Example Embodiment 1
A description will be made regarding the information processing apparatus according to an example embodiment 1 with reference to the drawings. FIG. 1 is a block diagram showing a schematic configuration of an information processing apparatus according to a first example embodiment. FIG. 2 is an image diagram schematically showing an example of a phishing site login screen of a suspicious site where a phishing site detection process is performed in the information processing apparatus according to the first example embodiment. FIG. 3 is an image diagram showing an example of an operation of an element determination part in the information processing apparatus according to the first example embodiment.
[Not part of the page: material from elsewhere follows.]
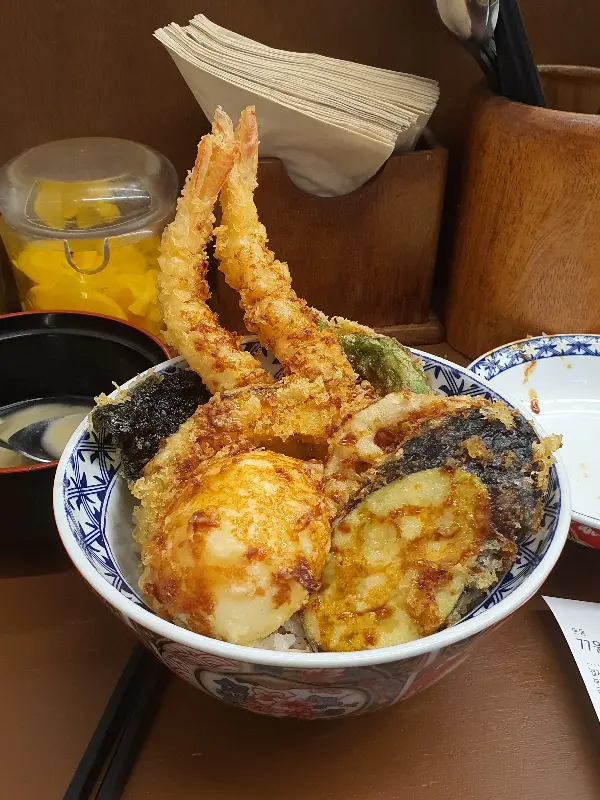 온텐동의 푸짐한 튀김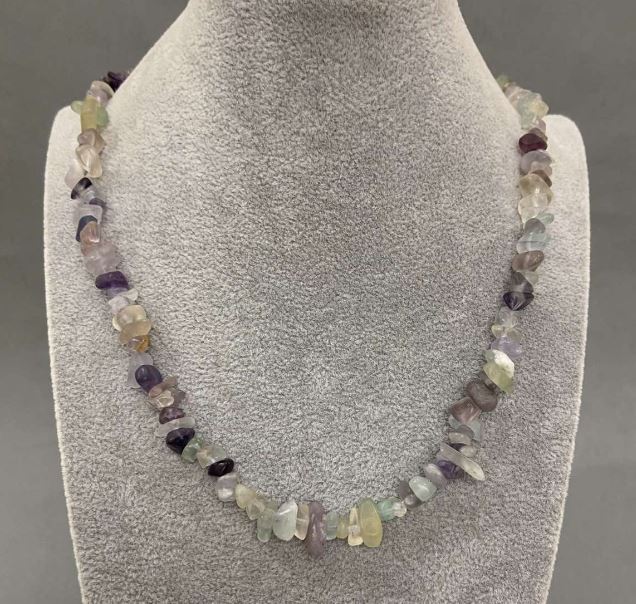 Fluorite Chip Necklace, 6-12×3-5 mm, 45 cm length, with clasp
FIG. 4 is an image diagram showing an example of an operation of a domain similarity determination part in the information processing apparatus according to the first example embodiment.
An information processing apparatus 10 is an apparatus that processes information (refer to FIG. 1). The information processing apparatus 10 may be, for example, a personal computer, a tablet terminal, a smartphone, etc. The information processing apparatus 10 may communicate with a server apparatus (not shown) via a network (not shown), and may transmit information to the server apparatus to acquire site information (legitimate site information, suspicious site information, fraudulent site information, etc.) provided by the server apparatus. The information processing apparatus 10 has a function to display the acquired site information. The information processing apparatus 10 has a function to transmit information entered in an input field for the acquired site information to a linked server apparatus. The information processing apparatus 10 has a function to display site information (site information provided by a server apparatus) of a URL (Uniform Resource Locator) of the hyperlink destination by operating (for example, clicking, tapping, etc.) a hyperlink in the acquired site information. The information processing apparatus 10 has a function to detect whether or not the acquired site information (a site related to the suspicious site information 1) is a phishing site (a fake site that resembles legitimate site information or a domain). The information processing apparatus 10 includes a communication part 11, an input part 12, an output part 13, a storage part 14, and a control part 15.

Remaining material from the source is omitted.